# Does this lard look right to you?



## journey11 (Sep 1, 2019)

We bought half of a hog off of a friend the other day and I asked the butcher to save the leaf lard for me. First time I've done it. I was expecting it to be harder than this, just taken out of the fridge. It was a bit squishy and stuck to the bag. And after rendering and cooling overnight it's still liquid, like oil. I'm just wondering if they gave me the right stuff? I wanted to use it for soap making. It will make a difference on my recipe calculations depending what kind it is. DH ate the cracklings. Didn't make any difference to him, lol.


----------



## Baymule (Sep 1, 2019)

Leaf lard is softer. Maybe for soap making you should have gotten the outer fat, under  the skin,  it is harder. 

Been missing you on TEG. Good to see you.


----------



## journey11 (Sep 4, 2019)

Baymule said:


> Leaf lard is softer. Maybe for soap making you should have gotten the outer fat, under  the skin,  it is harder.
> 
> Been missing you on TEG. Good to see you.



Yeah, it turned out gross, smells meaty. I've rendered back fat from deer before and it was pure white, solid and odorless. We're hoping to raise our own pigs before long. I have a farm now, inherited my dads. It needs lots of work before we get to that point though. 

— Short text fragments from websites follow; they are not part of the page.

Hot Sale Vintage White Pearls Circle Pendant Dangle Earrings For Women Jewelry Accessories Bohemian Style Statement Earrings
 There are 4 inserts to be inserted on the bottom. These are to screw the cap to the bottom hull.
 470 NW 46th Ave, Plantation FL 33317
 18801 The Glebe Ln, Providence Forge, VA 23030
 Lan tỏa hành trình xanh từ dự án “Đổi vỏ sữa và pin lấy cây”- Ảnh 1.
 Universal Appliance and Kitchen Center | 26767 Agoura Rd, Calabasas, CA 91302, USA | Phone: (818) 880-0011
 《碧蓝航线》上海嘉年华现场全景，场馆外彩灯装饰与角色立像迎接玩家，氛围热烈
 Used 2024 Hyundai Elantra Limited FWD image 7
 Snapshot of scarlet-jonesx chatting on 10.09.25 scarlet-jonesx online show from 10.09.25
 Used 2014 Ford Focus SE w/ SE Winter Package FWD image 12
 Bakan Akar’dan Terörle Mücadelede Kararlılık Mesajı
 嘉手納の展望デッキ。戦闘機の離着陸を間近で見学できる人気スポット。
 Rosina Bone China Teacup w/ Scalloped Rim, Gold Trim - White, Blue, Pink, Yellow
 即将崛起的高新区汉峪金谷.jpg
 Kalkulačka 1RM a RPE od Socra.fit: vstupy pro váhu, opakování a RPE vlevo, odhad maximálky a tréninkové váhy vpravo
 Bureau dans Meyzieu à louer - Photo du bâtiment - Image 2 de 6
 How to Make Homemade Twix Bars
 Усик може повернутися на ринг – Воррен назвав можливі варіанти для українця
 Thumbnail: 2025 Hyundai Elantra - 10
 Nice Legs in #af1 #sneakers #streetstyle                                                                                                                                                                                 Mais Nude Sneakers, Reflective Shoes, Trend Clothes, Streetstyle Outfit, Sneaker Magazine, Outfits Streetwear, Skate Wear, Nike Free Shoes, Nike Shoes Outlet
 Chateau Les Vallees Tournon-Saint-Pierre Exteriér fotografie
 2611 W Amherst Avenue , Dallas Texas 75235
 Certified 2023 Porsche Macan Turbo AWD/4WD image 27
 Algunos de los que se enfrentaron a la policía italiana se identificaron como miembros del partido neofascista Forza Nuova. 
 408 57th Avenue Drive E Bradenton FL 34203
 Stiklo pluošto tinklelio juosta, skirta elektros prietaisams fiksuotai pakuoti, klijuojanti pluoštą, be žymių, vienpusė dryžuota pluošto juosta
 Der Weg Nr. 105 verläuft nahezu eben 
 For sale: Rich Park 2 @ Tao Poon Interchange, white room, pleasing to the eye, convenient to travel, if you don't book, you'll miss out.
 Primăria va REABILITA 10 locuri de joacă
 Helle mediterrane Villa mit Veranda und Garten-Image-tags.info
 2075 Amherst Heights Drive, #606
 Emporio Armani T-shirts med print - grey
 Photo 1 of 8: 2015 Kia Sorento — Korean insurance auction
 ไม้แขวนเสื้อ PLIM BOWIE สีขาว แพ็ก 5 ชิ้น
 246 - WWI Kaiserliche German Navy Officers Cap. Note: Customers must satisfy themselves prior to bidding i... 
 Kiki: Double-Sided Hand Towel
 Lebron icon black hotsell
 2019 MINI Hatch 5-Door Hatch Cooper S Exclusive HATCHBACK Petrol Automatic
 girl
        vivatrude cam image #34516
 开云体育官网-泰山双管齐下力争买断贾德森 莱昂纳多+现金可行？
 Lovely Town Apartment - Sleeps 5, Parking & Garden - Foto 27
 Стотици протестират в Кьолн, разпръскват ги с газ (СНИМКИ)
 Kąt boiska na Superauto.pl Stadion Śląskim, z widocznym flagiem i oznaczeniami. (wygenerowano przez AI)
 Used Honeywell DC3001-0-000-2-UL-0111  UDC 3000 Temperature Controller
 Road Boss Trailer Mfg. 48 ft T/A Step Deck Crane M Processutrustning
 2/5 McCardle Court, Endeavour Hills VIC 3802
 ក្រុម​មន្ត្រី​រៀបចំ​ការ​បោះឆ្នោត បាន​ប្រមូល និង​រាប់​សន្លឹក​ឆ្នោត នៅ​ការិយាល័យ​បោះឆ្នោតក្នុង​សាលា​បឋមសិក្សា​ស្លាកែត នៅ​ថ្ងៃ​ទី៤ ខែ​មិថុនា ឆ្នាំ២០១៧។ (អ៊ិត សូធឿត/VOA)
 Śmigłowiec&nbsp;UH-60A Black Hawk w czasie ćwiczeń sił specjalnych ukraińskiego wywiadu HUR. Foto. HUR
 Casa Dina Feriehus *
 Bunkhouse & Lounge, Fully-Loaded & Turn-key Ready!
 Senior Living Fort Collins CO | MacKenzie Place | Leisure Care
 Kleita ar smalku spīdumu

Wow, I never realized BYH was such a busy place. I need to check in over at TEG. Almost time to report on the beans I grew for Russ. Life has been kicking me in the butt here lately. I only had 2 little raised beds for a garden this year and those went in very late.


----------



## sfgwife (Sep 11, 2019)

journey11 said:


> Yeah, it turned out gross, smells meaty. I've rendered back fat from deer before and it was pure white, solid and odorless. We're hoping to raise our own pigs before long. I have a farm now, inherited my dads. It needs lots of work before we get to that point though.
> 
> Wow, I never realized BYH was such a busy place. I need to check in over at TEG. Almost time to report on the beans I grew for Russ. Life has been kicking me in the butt here lately. I only had 2 little raised beds for a garden this year and those went in very late.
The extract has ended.